Dr. James Carter: "The first difficulty is it's difficult for people to bring this problem up. In my opening questions when I'm doing my history and physical, I have a place where I ask if there's pain with intercourse because there's certain things that can cause this type of pain that are important for your doctor to know. So if you're having this problem, bring it up to your doctor if it's not asked because there are four areas that need to be considered. One - if it's at entry, this could be a problem with a mild infection or there could be a problem with muscles or fascia in that area. If it's a little bit deeper in, it's likely there may be a problem again with muscles or fascia especially if you're a very athletic person or if in the past you've played soccer or have been in ballet or been in any activities where the muscles and ligaments have been stressed. And these type of muscle and mild fascia pains are very common in women who have been athletically active, or in addition, in women where there may be some mild scoliosis or some problems with spine and problems with walking. In addition, if the pain is deep, there may be a problem with endometriosis and that course can be diagnosed by an exam which shows tenderness or nodularity on what we call the "uteral sacral ligaments" - the deep ligaments near the uterus. So if you're experiencing deep pain - it may be from endometriosis. In addition, there is a very common condition that approximately 10%-20% of women suffer from which can contribute to this, and we call that a "retroverted uterus." You may have been told by your doctor that your uterus is in the wrong position, and you may have found that when you have an exam by a physician that you have pain with this exam. If that's correct, then it may be simply that the uterus is tipped, and that may be what you've been told - your uterus is tipped. If it's tipped and you're experiencing pain with intercourse, it may very well be that tipped uterus. And now, Mark, there's a procedure that can be done in fifteen minutes through the laparoscope that can bring that uterus up to the proper position, bring it out of the "cul-de-sac," and get it out of the way so that that pain doesn't occur. We've had tremendous success with that."

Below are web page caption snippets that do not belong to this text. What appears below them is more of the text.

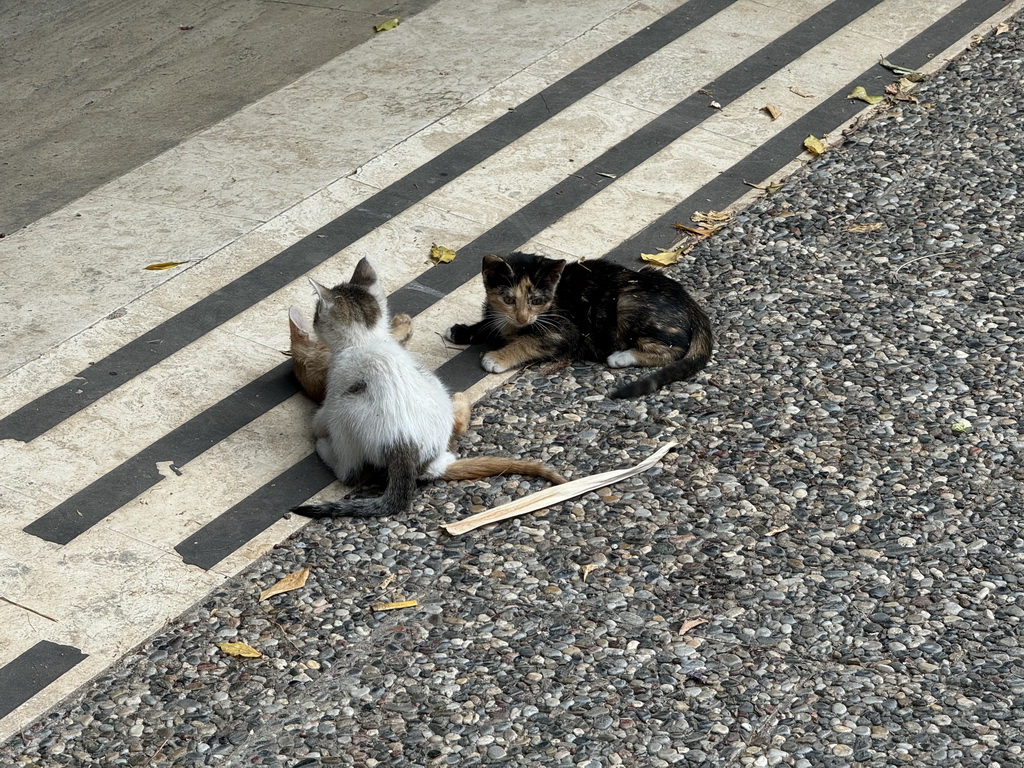 Kittens at the garden of the Antalya Archeology Museum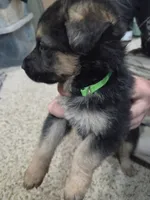 Angel, a male German Shepherd Dog for sale in Crocker, MO – 5 of 6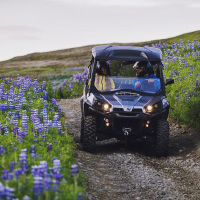 1 hour Buggy adventure - From Reykjavik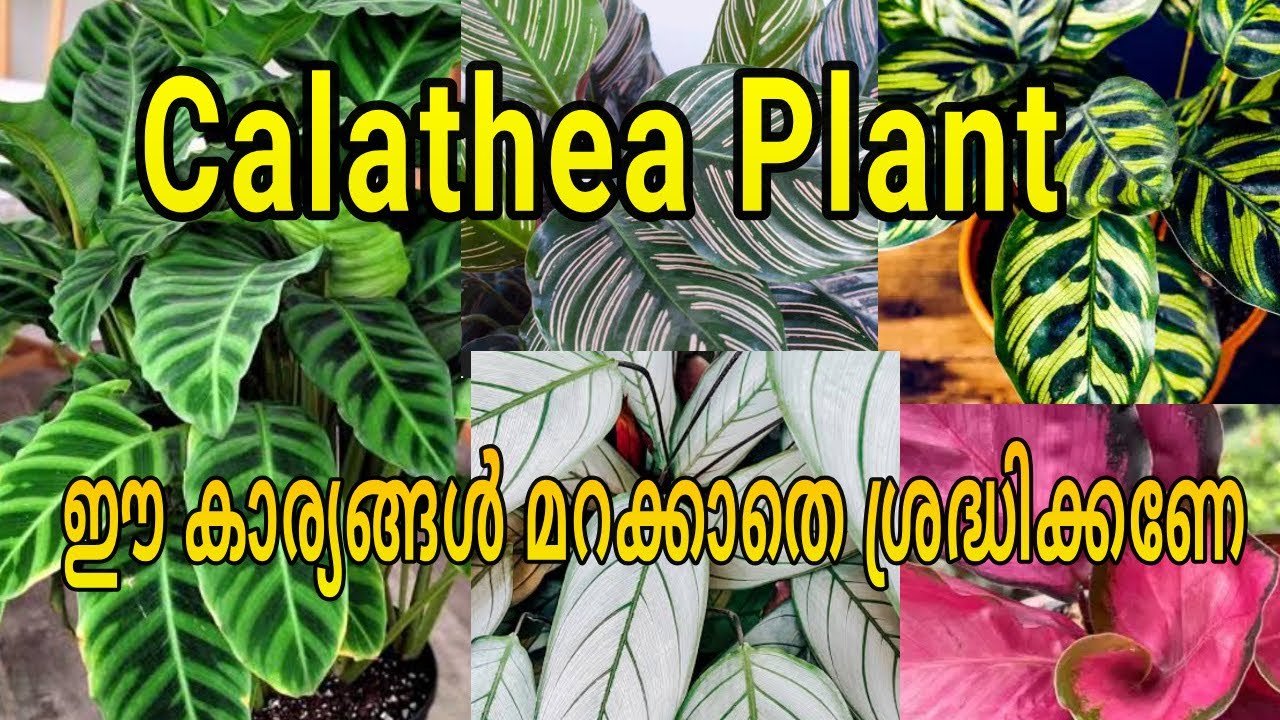 Уход за калатеей | Корни гниют? | Лечебный уход – это важно.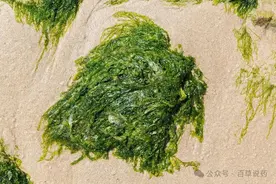 【中药材科普】每天认识一味中草药-海藻图片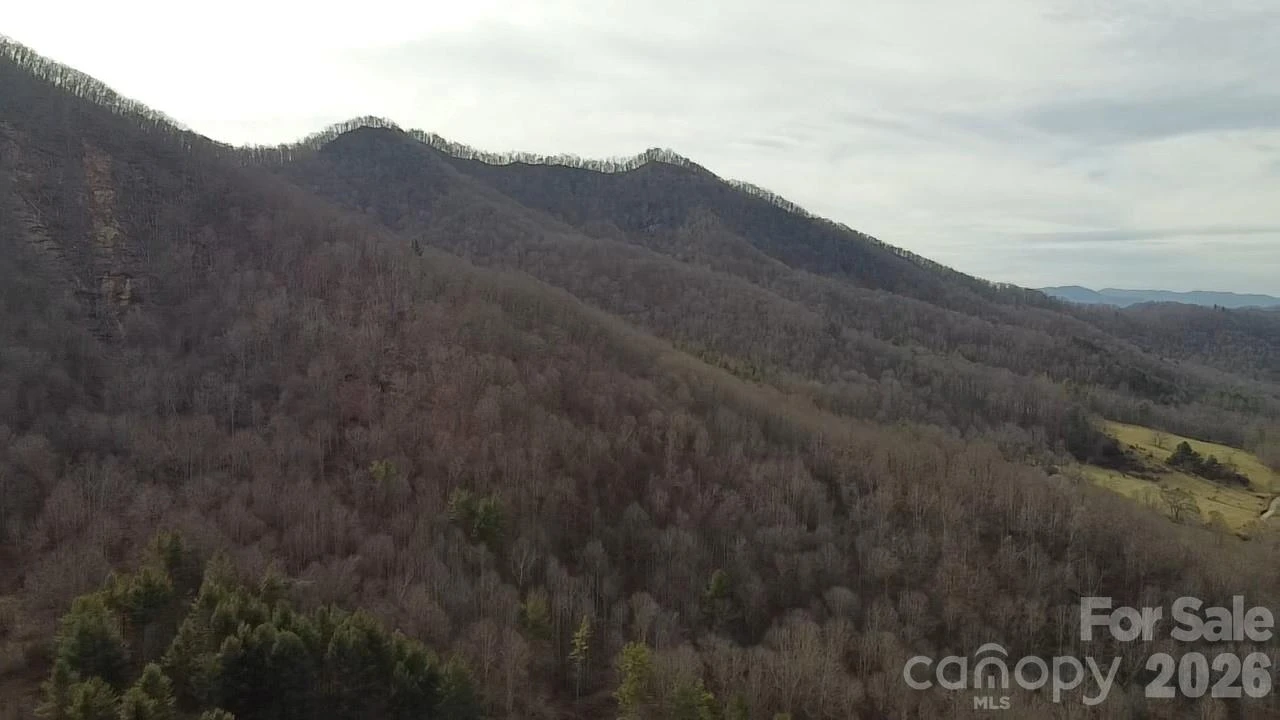 000 Wild Turkey Pen Road - Photo 8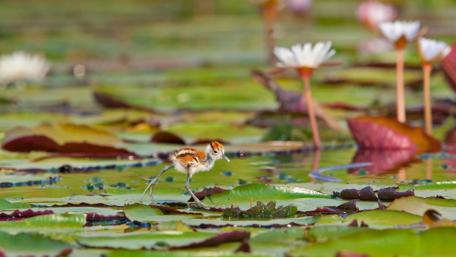Charming Bird Beneath Water Lilies wallpaper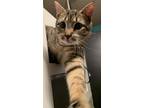 Adopt Mina a Brown Tabby Domestic Shorthair (short coat) cat in Raleigh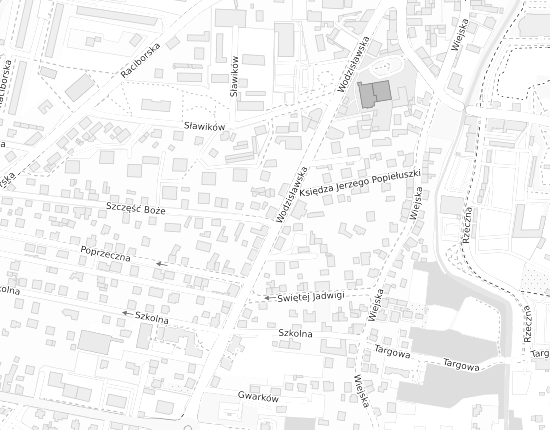 Mapa z adresem organizacji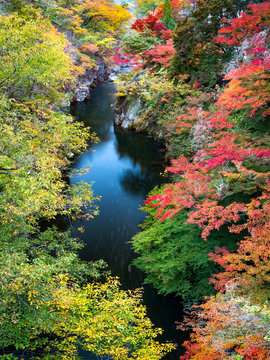 Shosenkyo Gorge im Herbst, Kofu, Yamanashi Präfektur, Japan
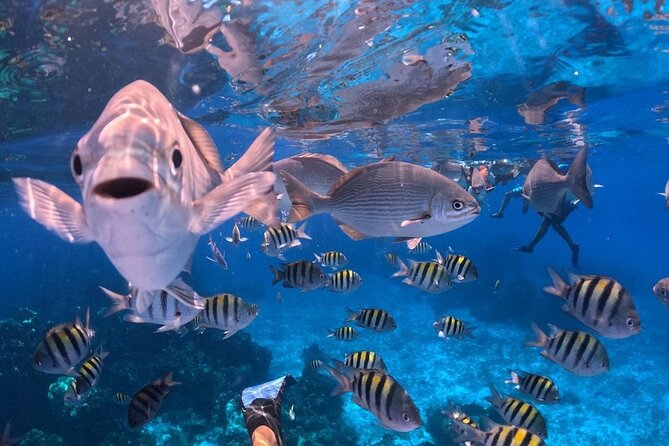 El Cielo Snorkeling Adventure in Cozumel - FAQs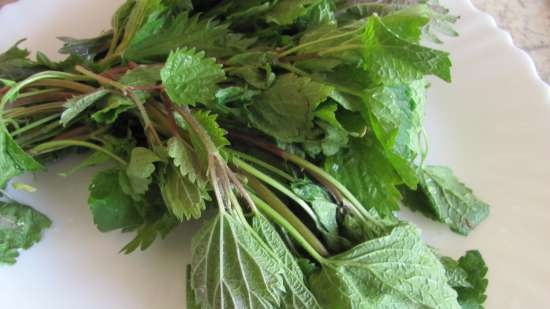 Mag-atas na sopas na may nettle at broccoli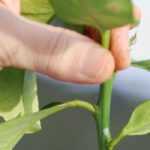 Poda del limonero: ¿cuándo y cómo podar para una buena cosecha de limones?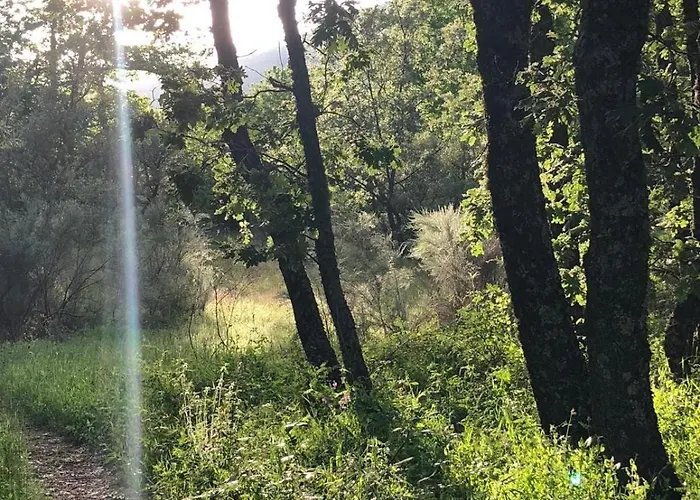 Vakantiehuis Casa Boutique *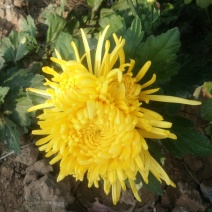 金丝黄菊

Dr. Marshall Smith: "That sounds very, very encouraging, especially for those women that suffer from this problem and probably have suffered in silence. Thank you very much for being here with us today."

Dr. James Carter: "Your right about that Mark, about suffering in silence. Bring this issue up, bring it to the attention of your caregiver - it's important that they understand and know it."

Dr. Marshall Smith: "Very much so, thank you very much."